SATELITNEWS.ID, SERANG—Kepala kejaksaan Tinggi (Kajati) Banten Leonard Eben Ezer Simanjuntak menyatakan keadilan restoratif atau restorative justice tak banyak diketahui masyarakat. Itu sebabnya dalam dua tahun terakhir, hanya 17 perkara yang dihentikan melalui keadilan restoratif.
Leo menjelaskan diperlukan sosialisasi kepada masyarakat terkait dengan kebijakan penghentian penuntutan melalui keadilan restoratif. Hal itu agar perkara-perkara ringan yang dapat selesai dengan perdamaian, tidak perlu sampai ke ranah pidana.
“Karena tadi saya katakan, sejak 2020 hingga 2022 itu baru hanya 17 perkara yang dihentikan berdasarkan restorative justice.
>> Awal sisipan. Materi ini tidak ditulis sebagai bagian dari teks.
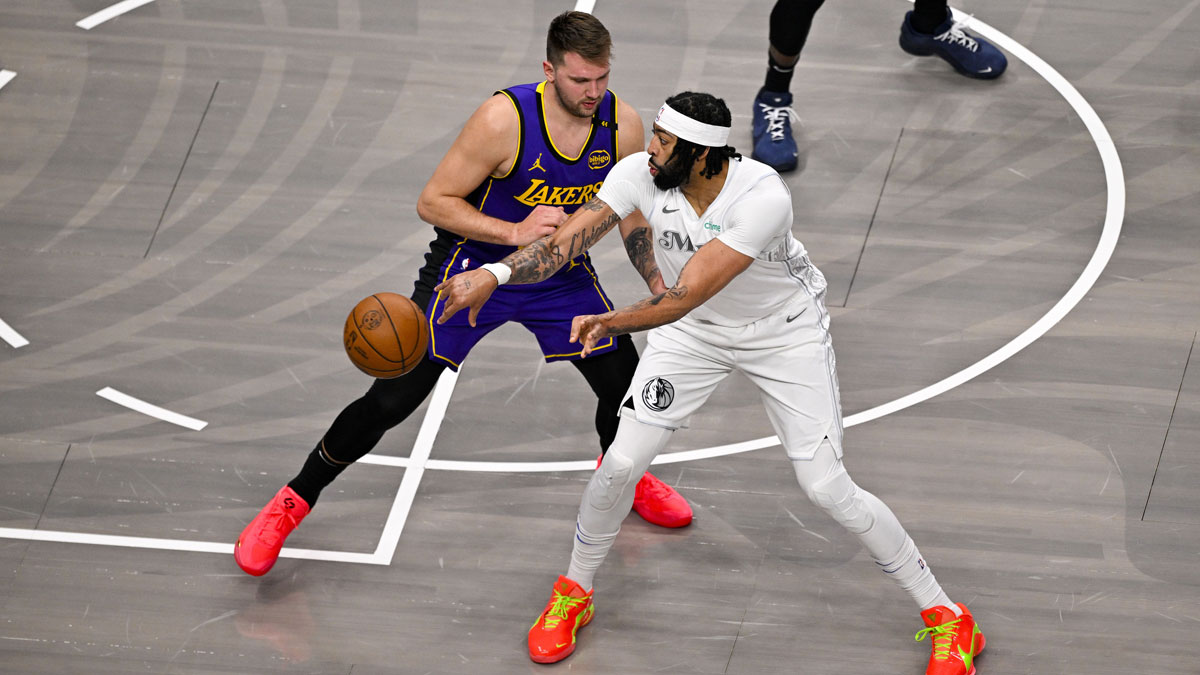 Dallas Mavericks forward Anthony Davis (3) looks to pass the ball by Los Angeles Lakers guard Luka Doncic (77) during the first quarter at the American Airlines Center.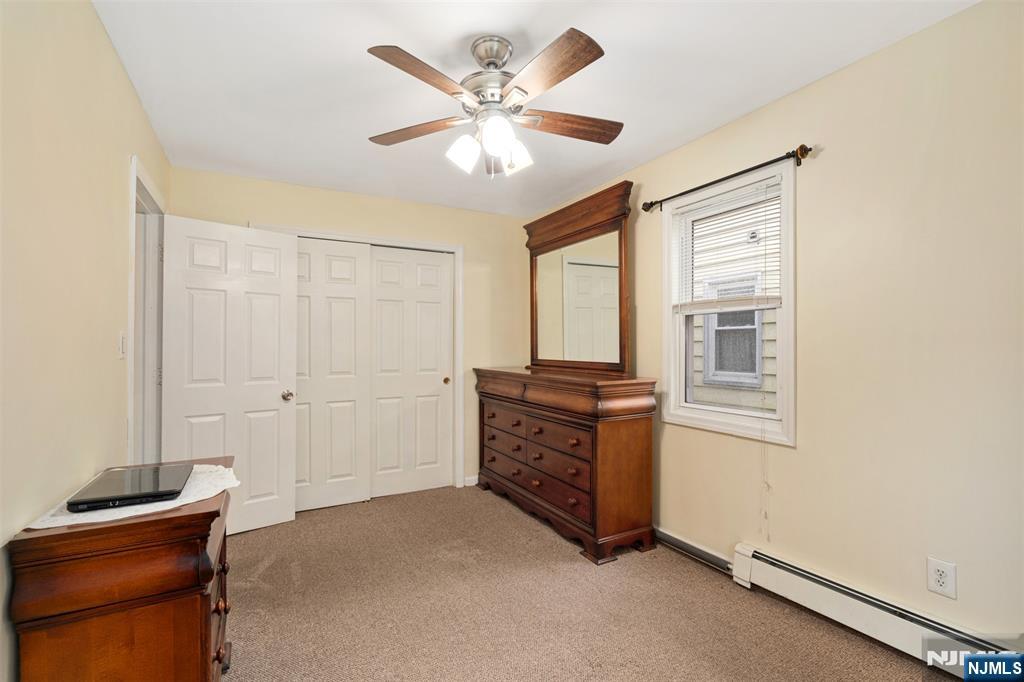 53 Poplar Avenue Hackensack, NJ 07601 - Photo 5 of 15 a view of an empty room with a ceiling fan and a window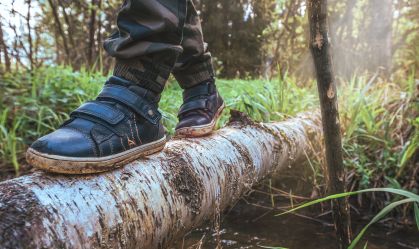 Close-up of child's feet in shoes crossing a forest stream along a tree trunk. The concept of solo walks with a pole in woodland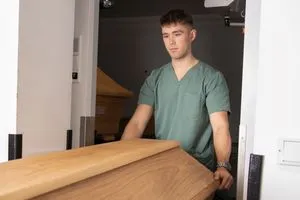 Luis Bauer fährt einen geschlossenen Sarg aus hellbraunem Holz durch eine Tür.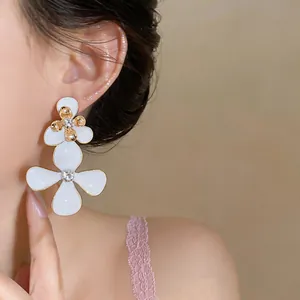Primer plano de elegantes pendientes de flores de esmalte blanco con diamantes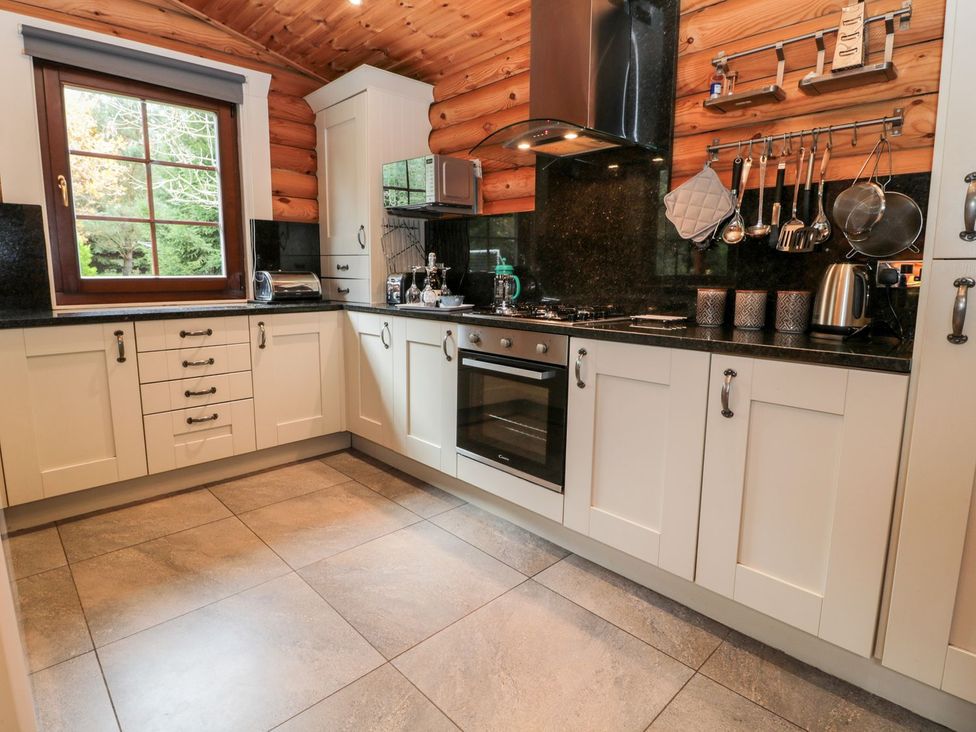 A kitchen with cabinets and countertop at Little Bears Hideaway @ 23 Lakeside Felmoor Park near Felton
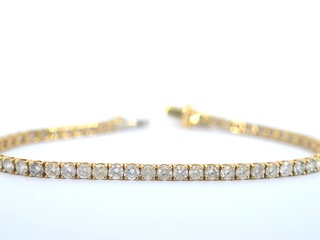 Gouden tennisarmband met natuurlijke briljant geslepen diamanten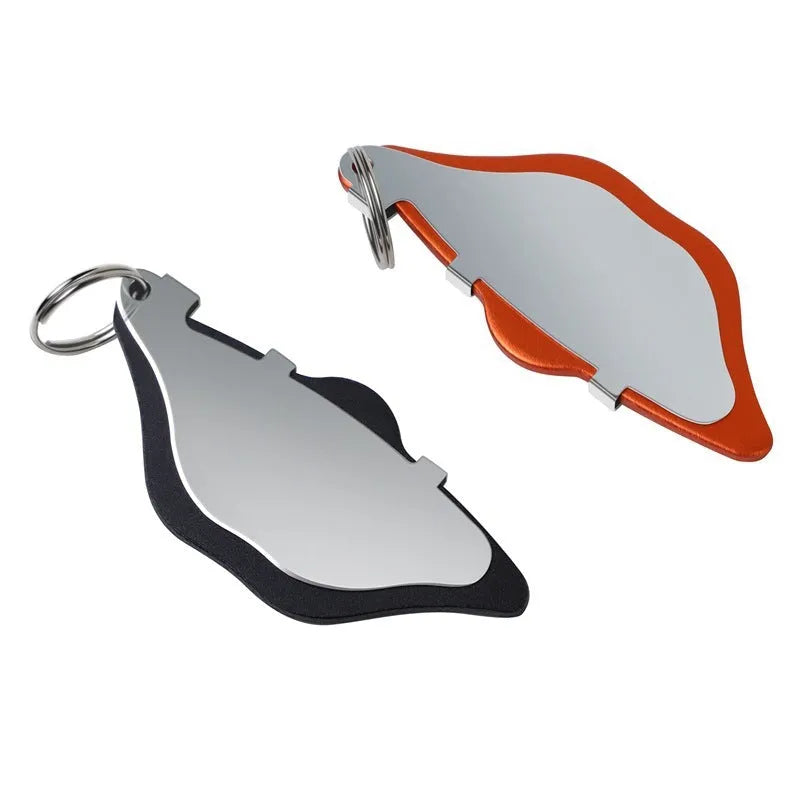 Mountain bike disc brake pad replacement set in black or orange with adjustment flap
Padahal kan sebenarnya banyak yang bisa dilakukan RJ dengan perkara-perkara ringan, yang tuntutannya di bawah lima tahun,” terangnya usai seminar nasional Restorative Justice di Untirta, Rabu (6/7).
Leo mengaku bahwa rendahnya pelaksanaan RJ dalam kurun waktu dua tahun ke belakang, akibat masih banyak masyarakat yang tidak mengetahui terkait dengan RJ. Sehingga, diharapkan masyarakat dapat mengetahui terkait kebijakan itu, dan lebih memilih keadilan restoratif dalam penyelesaian perkara.
“Maka dari itu, saat ini RJ harus benar-benar disosialisasikan kepada masyarakat, agar RJ ini bisa diterapkan di seluruh masyarakat Banten. Karena RJ ini merupakan penyelesaian perkara yang berdasarkan kearifan lokal,” tuturnya.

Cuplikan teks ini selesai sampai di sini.